While Andy re-found Hang Ma Nghi and Hang Thuy Van (2005), Adam, Snablet and Howard C continued the upstream exploration of Cha Lo. The pitch was dropped, to a pool, which met a rift connecting back to the stream. Downstream led quickly; via rapids; to a sump. Upstream led; via rapids; to yet more swims, and some squeezes between boulders, into a large chamber; Sixteen Candles; eventually climbing up via razor sharp passages, to yet another pitch down, or alternate traverse; lacking equipment we returned to explore a side passage on the true left side of the high level. The sharp rock here claimed one casualty; so we left; minus a little blood, with the way on lost among a confusing array of chambers and sumps, either; apparently static or having multidirectional flow. We exited with only minor route finding problems. We returned to the bar for refreshments and to write up our discoveries of the last few days, and were joined later by Andy; fresh from his re-discoveries; and Howard, Deb, Watto, Robbie, Sweeny, and Pete; having exhausted reasonable leads in the Son Trach area.

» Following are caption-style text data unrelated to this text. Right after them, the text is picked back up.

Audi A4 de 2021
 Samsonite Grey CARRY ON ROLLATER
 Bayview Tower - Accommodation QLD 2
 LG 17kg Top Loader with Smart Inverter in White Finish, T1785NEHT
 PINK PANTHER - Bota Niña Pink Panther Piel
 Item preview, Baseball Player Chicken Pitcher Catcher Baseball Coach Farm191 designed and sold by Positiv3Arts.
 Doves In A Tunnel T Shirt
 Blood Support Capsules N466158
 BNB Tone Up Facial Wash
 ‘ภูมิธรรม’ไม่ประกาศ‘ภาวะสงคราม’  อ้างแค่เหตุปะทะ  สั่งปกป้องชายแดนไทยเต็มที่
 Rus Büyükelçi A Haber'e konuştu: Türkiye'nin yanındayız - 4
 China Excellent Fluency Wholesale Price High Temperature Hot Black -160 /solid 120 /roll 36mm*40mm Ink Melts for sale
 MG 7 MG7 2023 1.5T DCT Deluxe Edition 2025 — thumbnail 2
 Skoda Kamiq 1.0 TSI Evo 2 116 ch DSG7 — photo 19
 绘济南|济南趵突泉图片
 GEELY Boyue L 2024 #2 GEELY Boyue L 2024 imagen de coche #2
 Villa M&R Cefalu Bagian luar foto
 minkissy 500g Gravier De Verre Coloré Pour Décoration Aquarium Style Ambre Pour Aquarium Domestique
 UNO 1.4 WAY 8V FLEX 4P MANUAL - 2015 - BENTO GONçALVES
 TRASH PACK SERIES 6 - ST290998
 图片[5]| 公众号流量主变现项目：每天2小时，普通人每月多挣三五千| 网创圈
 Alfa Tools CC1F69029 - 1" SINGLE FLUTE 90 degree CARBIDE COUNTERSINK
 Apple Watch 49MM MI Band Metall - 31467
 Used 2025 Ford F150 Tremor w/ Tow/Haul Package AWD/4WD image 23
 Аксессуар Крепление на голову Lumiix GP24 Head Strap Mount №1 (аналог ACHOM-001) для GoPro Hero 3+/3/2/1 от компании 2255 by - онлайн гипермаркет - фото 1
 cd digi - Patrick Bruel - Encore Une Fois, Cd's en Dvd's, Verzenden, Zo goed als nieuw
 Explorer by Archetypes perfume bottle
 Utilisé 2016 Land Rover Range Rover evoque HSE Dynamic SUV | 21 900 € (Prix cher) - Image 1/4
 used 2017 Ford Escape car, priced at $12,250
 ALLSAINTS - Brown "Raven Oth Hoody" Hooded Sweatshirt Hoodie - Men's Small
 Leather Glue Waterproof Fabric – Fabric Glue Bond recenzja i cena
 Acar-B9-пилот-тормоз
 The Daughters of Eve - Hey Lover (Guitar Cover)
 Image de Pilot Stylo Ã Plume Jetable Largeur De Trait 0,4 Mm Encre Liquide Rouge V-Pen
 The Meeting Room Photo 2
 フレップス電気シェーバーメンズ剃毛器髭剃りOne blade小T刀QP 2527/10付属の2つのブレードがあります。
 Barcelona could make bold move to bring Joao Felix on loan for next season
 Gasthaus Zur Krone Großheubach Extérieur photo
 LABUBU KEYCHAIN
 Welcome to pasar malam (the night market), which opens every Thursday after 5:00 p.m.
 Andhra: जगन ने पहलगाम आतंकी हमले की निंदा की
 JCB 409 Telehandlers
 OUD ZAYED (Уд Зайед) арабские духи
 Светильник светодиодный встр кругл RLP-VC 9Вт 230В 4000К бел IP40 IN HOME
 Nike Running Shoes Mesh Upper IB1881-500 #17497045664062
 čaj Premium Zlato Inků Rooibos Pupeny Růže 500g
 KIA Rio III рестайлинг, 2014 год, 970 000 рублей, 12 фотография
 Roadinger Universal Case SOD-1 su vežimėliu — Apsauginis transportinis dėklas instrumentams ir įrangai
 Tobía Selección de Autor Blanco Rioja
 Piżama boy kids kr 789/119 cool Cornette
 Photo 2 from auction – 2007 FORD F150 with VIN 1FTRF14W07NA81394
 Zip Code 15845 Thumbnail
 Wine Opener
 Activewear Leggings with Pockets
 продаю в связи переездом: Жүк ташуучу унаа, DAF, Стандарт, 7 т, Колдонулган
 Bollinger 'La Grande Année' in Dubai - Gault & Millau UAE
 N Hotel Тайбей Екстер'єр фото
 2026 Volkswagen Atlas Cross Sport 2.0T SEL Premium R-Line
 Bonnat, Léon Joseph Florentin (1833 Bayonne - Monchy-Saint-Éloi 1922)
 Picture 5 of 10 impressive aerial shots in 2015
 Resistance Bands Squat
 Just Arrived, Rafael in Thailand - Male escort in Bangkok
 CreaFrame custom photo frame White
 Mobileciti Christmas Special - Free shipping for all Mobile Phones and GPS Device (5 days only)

The following day we re-entered Cha Lo en masse; less Andy’s foot; Howard, Deb, Robbie, and Watto to take photos in the large gour chamber downstream. The rest to continue exploration upstream; unfortunately; the pitch led directly to a sump with no way on. The traverse led to rifts, an interesting tobbogan and a long swim; Solitaire; to a boulder choke with squeezes at stream level and finally to a further sump; a slight anticlimax to a thoroughly sporting cave.